In the first case there’s no way for Pandas to know if df is a ‘view’ or a copy of df_raw, and fastai operations like add_datepart and proc_df (and others) will trigger SettingWithCopyWarnings.


A potentially very confusing warning; completely straightforward fix.


#806

In the first lesson, Jeremy says to stop watching the lessons directly from YouTube.

Okay, but he didn’t provide any links to the lessons on fast.ai. Where can I find the lessons he’s referring to?

Thank you.


#807

Could someone explain how to submit results to Kaggle?

It’s a pity that it wasn’t shown on the first lesson, how does one export the test set results to a csv file with the appropriate columns?

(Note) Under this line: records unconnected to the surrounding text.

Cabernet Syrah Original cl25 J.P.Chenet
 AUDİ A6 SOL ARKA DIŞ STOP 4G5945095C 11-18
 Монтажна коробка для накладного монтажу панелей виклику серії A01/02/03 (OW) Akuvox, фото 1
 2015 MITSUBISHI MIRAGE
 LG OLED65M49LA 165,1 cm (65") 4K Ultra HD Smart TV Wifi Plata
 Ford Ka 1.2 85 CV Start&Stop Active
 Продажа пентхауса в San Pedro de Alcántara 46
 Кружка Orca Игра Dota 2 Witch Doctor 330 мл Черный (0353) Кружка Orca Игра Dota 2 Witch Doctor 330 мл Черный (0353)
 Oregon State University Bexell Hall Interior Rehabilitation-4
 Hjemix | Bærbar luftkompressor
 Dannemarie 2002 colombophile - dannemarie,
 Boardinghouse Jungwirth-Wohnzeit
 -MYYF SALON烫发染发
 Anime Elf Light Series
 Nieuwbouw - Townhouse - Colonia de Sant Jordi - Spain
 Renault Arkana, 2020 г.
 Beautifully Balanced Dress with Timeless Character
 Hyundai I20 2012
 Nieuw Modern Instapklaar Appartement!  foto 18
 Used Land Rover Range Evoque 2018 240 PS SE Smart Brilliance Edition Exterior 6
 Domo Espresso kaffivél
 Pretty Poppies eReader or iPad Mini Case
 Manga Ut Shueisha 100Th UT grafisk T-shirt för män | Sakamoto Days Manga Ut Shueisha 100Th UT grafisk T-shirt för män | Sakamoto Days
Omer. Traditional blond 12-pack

Is there a built-in function to achieve this?


(antoine mercier) #808

My understanding is that Jeremy originally planned to make these videos official on the fast.ai website, but eventually he dropped that plan I guess. So I think the only way is to watch them from YouTube.


(antoine mercier) #809

See this link to lesson 3 of the dl1 course: 00:32:30 Create a submission to Kaggle


(Carlos Vouking) #810

Get them from Courses .


(hector) #811

@fastai1 These videos are supposed to be viewed as part of machine learning MOOC. This hasn’t been launched and not sure when it will be out. However early access to the videos is provided in in the interest of time i guess. Lets hope it will released shortly


(Jeremy Howard (Admin)) #812

You can now discuss these videos on the #ml1 category :slight_smile: We’ll be launching the website for the online course early next week.


#813

When you have several date columns in a dataframe, do you need to pass them all to the date_part function?

If so, is there way to iterate through each of the columns to find which are of the date datatype and convert them to codes?

I have tried this on two columns of my df, but I get an error in return:

for col in sliced_list:
    df_raw.col 
AttributeError: 'DataFrame' object has no attribute 'col'

Or else, if I try:

for col in sliced_list:
    df_raw.columns.col
AttributeError: 'Index' object has no attribute 'col'

Is there an easy way to iterate through a dataframe’s columns?


(Jeremy Howard (Admin)) #814

@fastai1 please use the #ml1 category for discussing this course now.


#815

Hey Jeremy, sorry but I have already posted many questions on the forum you indicated, and I seem to not get any response for several days. This page seemed much more reactive to me.

Where should I post exactly to get an answer?